Abstract: In metals, low-energy effective theories are characterized by a set of coupling functions. Among them, the angle-dependent Fermi momentum specifies the size and shape of Fermi surface. Since the Fermi momentum grows incessantly under the renormalization group flow, a metallic fixed point is defined only modulo a rescaling of Fermi momentum. In this paper, we discuss the physical consequences of this projective nature of fixed points for non-Fermi liquids with hot Fermi surfaces. The first is the absence of a unique dynamical critical exponent that dictates the relative scaling between energy and momentum. The second is mismatches between the scaling dimensions of couplings and their relevancy. Nonetheless, each projective fixed point is characterized by a few marginal and relevant coupling functions, and the notion of universality survives.

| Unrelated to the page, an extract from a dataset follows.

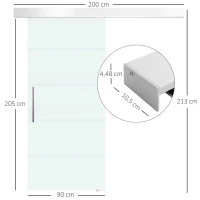 HOMCOM Puerta Corredera de Cristal 90x205 cm Puerta Corrediza Deslizante con Riel de Cristal de Seguridad Translúcido(m-3)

We illustrate our findings by charting the space of projective fixed points and extracting their universal properties for the Ising-nematic quantum critical metal beyond the patch theory. To control the theory, we use the dimensional regularization scheme that tunes the co-dimension of Fermi surface. Near the upper critical dimension, two exactly marginal coupling functions span the space of stable projective fixed points: functions that specify the shape of the Fermi surface and the angle-dependent Fermi velocity. All other coupling functions, including the Landau functions and the universal pairing interaction, are fixed by those two marginal functions. With decreasing dimensions, the forward scattering remains irrelevant while the pairing interaction becomes relevant near two dimensions. In two dimensions, it is expected that the universal superconducting fluctuations lower the symmetry of the non-Fermi liquid realized above the superconducting transition temperatures from the loop U(1) group to a proper subgroup.